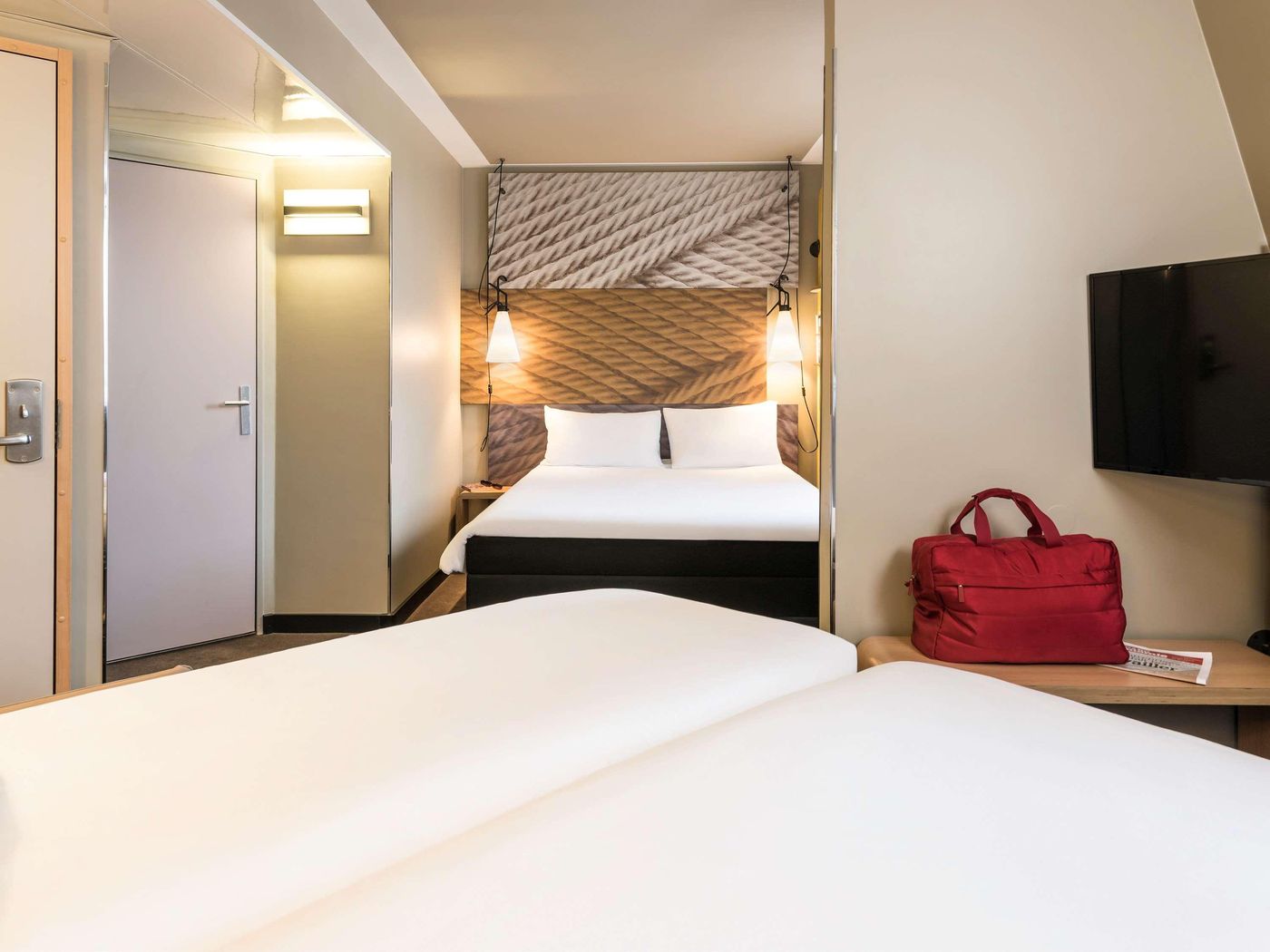 Ibis-Paris-Gare-du-Nord-Chateau-Landon-10th-Hotel-Room-19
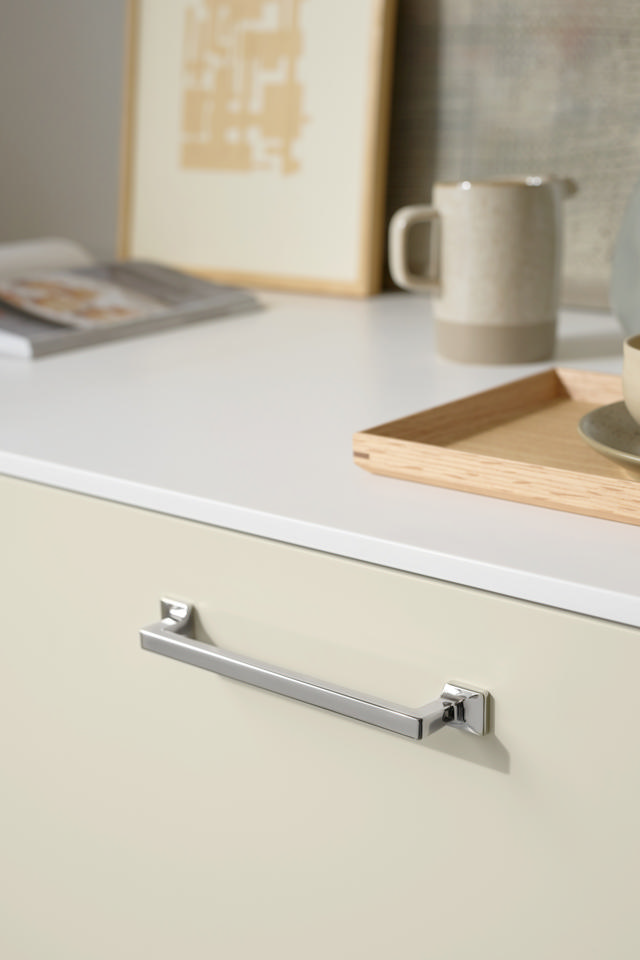 Heritage Handle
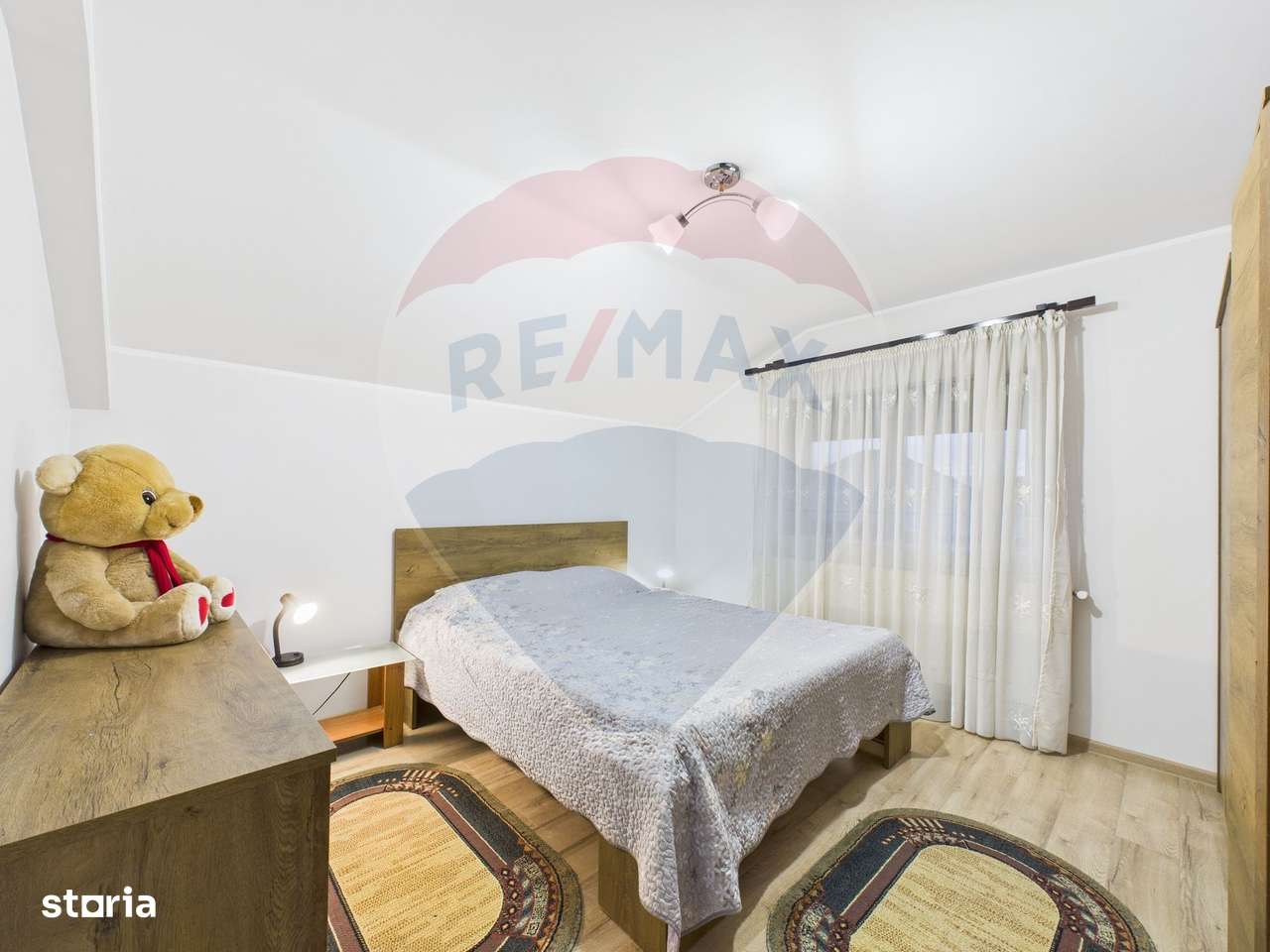 Casă / Vilă cu 5 camere de vânzare în zona Central-10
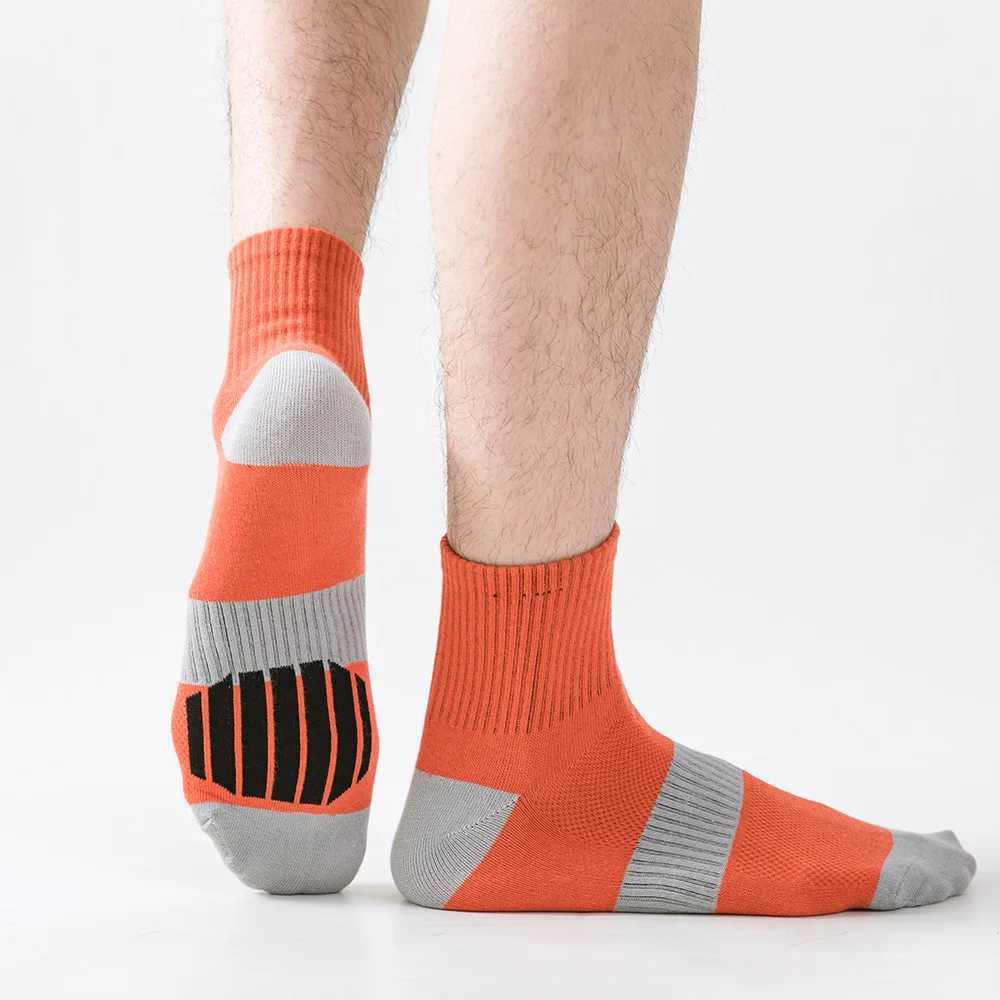 Mens ankle socks with cushions sports running socks breathable and comfortable can accommodate 5 pairs of mens sports socks W241004
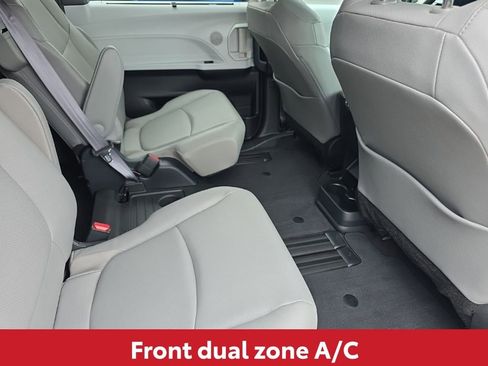 Used 2025 Toyota Sienna XLE image 17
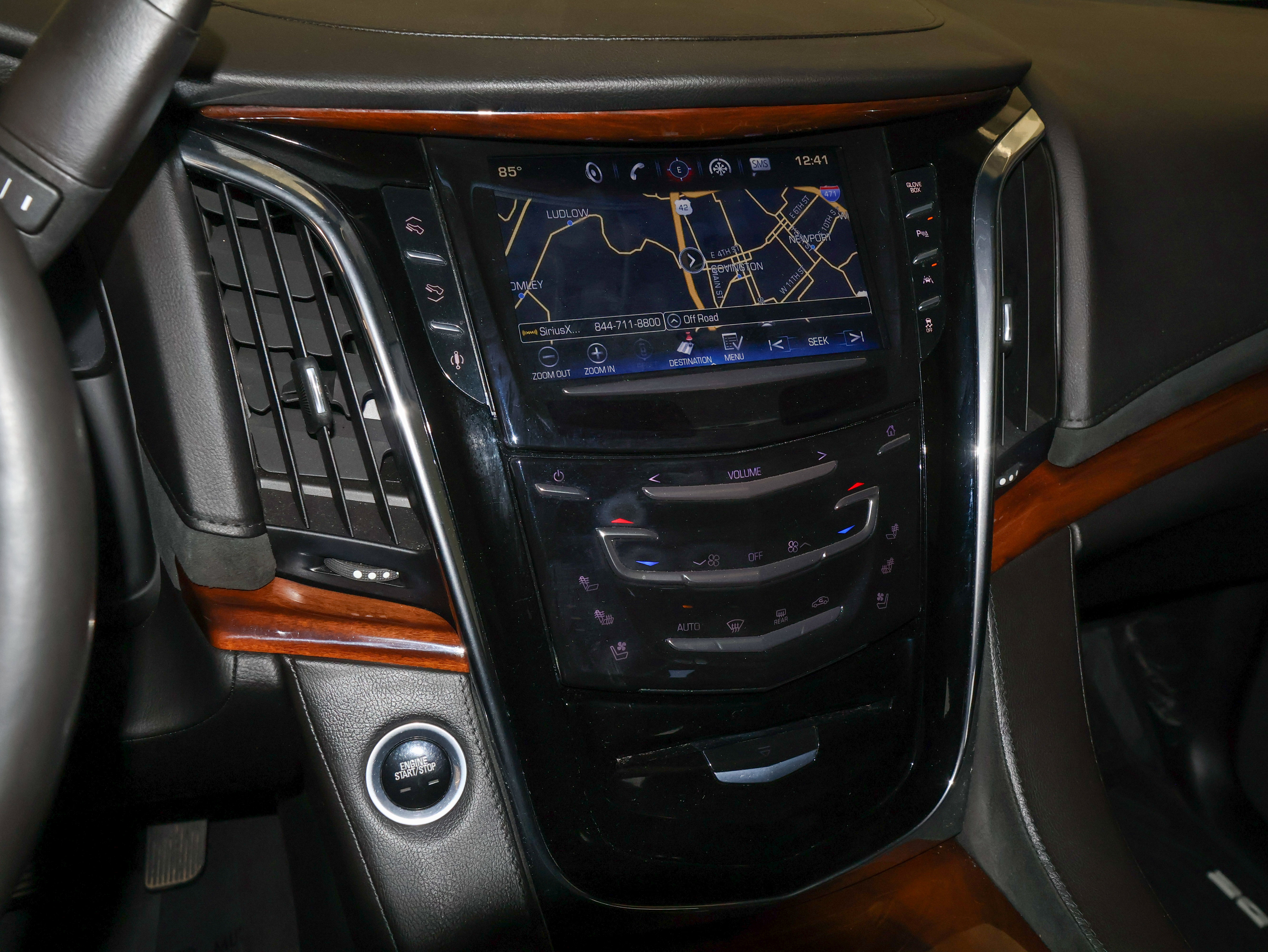Used 2016 Cadillac Escalade Luxury RWD image 34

______

### What this task involves
In the data, the line that contains "Used 2025 Toyota Sienna XLE image 17" begins the part to write out; restate it and each line after it word for word through the end, with no pictures.

### Result for this exercise
 Used 2025 Toyota Sienna XLE image 17
Used 2016 Cadillac Escalade Luxury RWD image 34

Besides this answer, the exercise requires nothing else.